- _Required action_:
Taking the data below, please print only the lines from the line holding "The recursive reasoning" to the line holding "Welcome to FamilySearch", inclusive, with pictures omitted.

- _Provided data_:
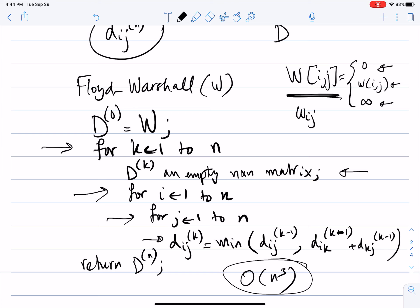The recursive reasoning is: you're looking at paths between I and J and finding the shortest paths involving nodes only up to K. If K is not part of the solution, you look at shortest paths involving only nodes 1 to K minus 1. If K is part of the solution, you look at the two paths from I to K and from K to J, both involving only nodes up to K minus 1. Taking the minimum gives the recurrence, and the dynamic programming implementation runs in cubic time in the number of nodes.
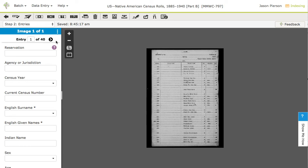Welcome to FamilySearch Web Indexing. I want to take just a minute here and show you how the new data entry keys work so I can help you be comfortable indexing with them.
* * *
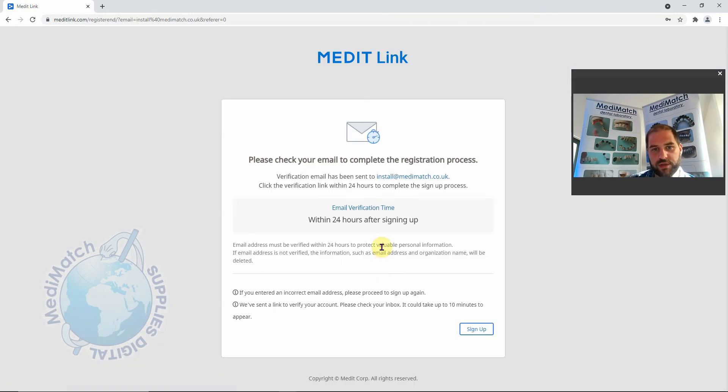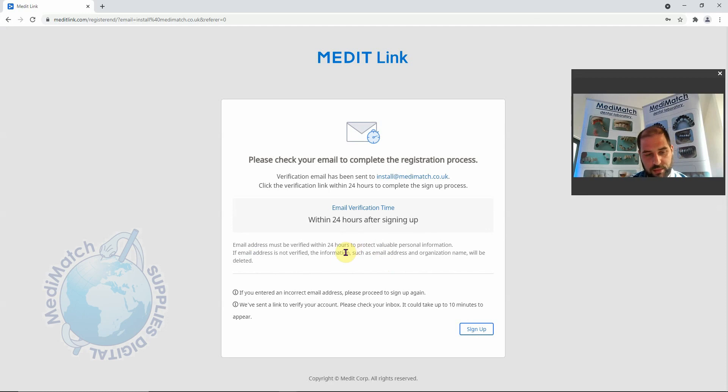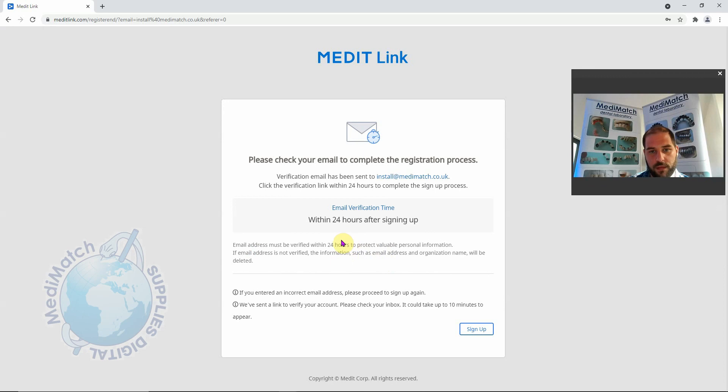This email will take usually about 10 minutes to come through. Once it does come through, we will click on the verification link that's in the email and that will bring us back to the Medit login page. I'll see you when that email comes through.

- _Reply_:
The recursive reasoning is: you're looking at paths between I and J and finding the shortest paths involving nodes only up to K. If K is not part of the solution, you look at shortest paths involving only nodes 1 to K minus 1. If K is part of the solution, you look at the two paths from I to K and from K to J, both involving only nodes up to K minus 1. Taking the minimum gives the recurrence, and the dynamic programming implementation runs in cubic time in the number of nodes.
Welcome to FamilySearch Web Indexing. I want to take just a minute here and show you how the new data entry keys work so I can help you be comfortable indexing with them.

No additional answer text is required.